La question qui se pose est bien évidemment de savoir si la voie de régulation ainsi mise en évidence a un effet physiologique réel. La réponse semble bien être positive. En effet, il existe une lignée de souris dont les ostéoblastes sont dépourvus de récepteur à l'insuline. On constate qu'avec l'âge se développe chez ces souris une hyperglycémie associée à une intolérance au glucose et à une résistance à l'insuline, ainsi que le développement important de la masse adipeuse périphérique (effets que l'on retrouve aussi chez des souris dépourvues d'ostéocalcine, ce qui est cohérent). On a également une diminution de la masse osseuse et du nombre d'ostéoblastes.
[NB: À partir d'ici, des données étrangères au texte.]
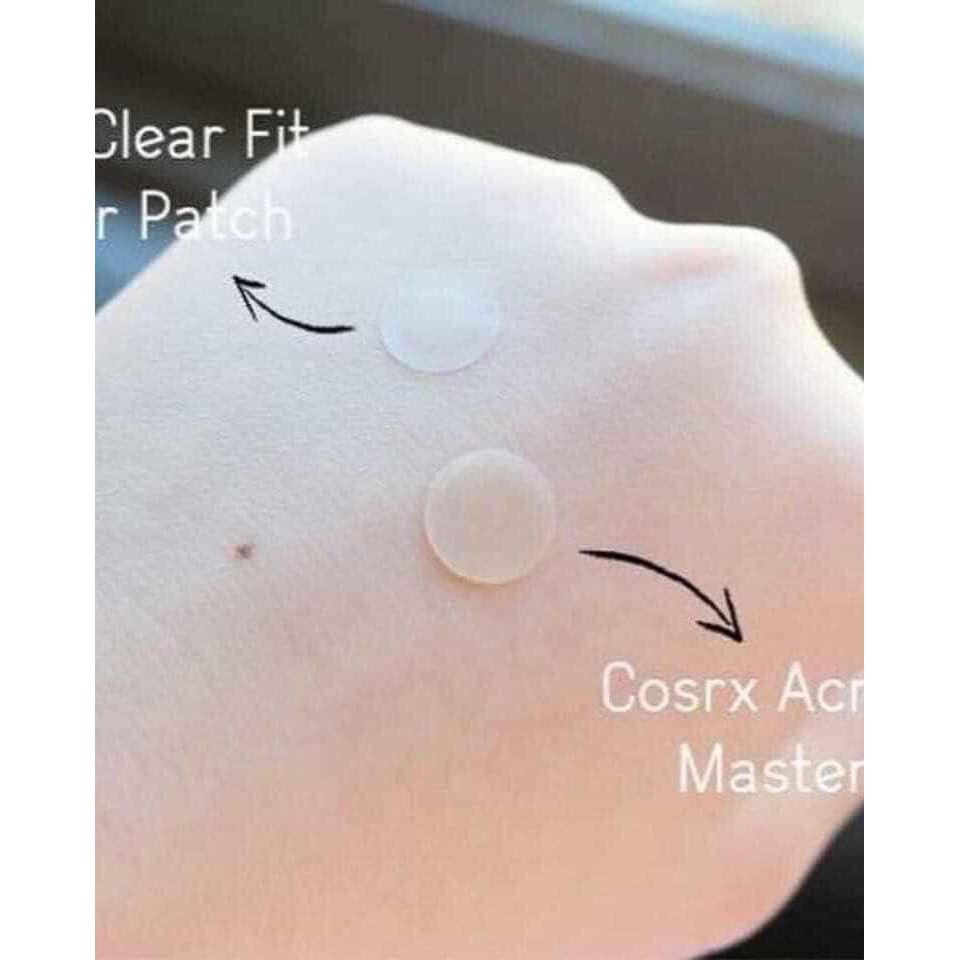 Miếng dán mụn Cosrx Acne Pimple Master Patch (Đỏ) / Cosrx Clear Fit Master Patch (Đen) / Cosrx AC Collection Acne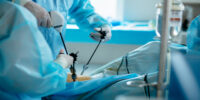 Minimally Invasive Surgery Tourism: Advancements And Benefits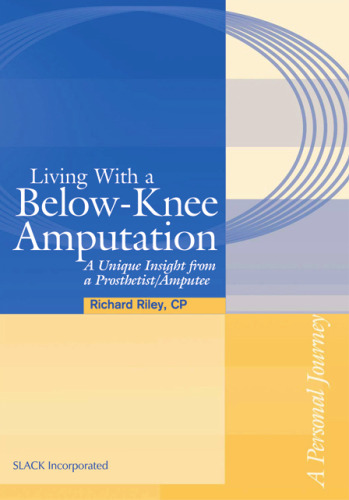 Living with a Below-Knee Amputation: A Unique Insight from a Prosthetist/Amputee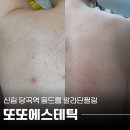 또또에스테틱1004 | 등드름 고민 해결하기_신림피부관리 또또에스테틱1004 알라딘필링 받아본 후기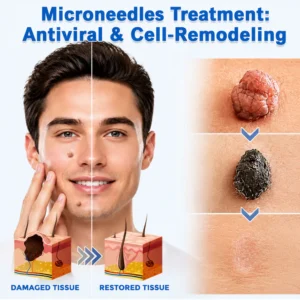 Hiskin Microneedle Clear Patches Skin Tag Remover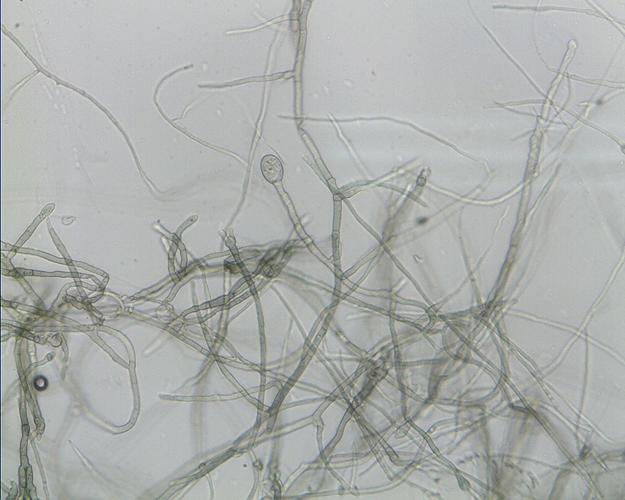 菌丝有部分发生膨大,如下图.孢子着生位置不知.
Tout ceci en comparaison avec des souris témoins bien entendu. Ces résultats témoignent du rôle effectif de l'os dans la régulation du métabolisme énergétique et du développement osseux, du moins chez la souris.

4. Conclusion

La régulation de la glycémie par l'insuline et le glucagon est bien connue. Si elle n'est pas remise en cause par les recherches de ces dernières années, celles-ci ont fait émerger une nouvelle boucle de régulation faisant intervenir l'ostéocalcine produite par les os et l'insuline. Le rôle physiologique de cette voie semble être de participer à la coordination de l'homéostasie glucidique et des dépôts lipidiques. Elle intervient également dans la régulation du développement osseux post-natal. Mais il faudra attendre de nouveaux travaux pour avoir une vision plus précise du rôle respectif de ces différentes voies de régulation dans la régulation de la glycémie, non seulement chez la souris mais surtout chez l'Homme chez qui les résultats sont beaucoup moins nombreux.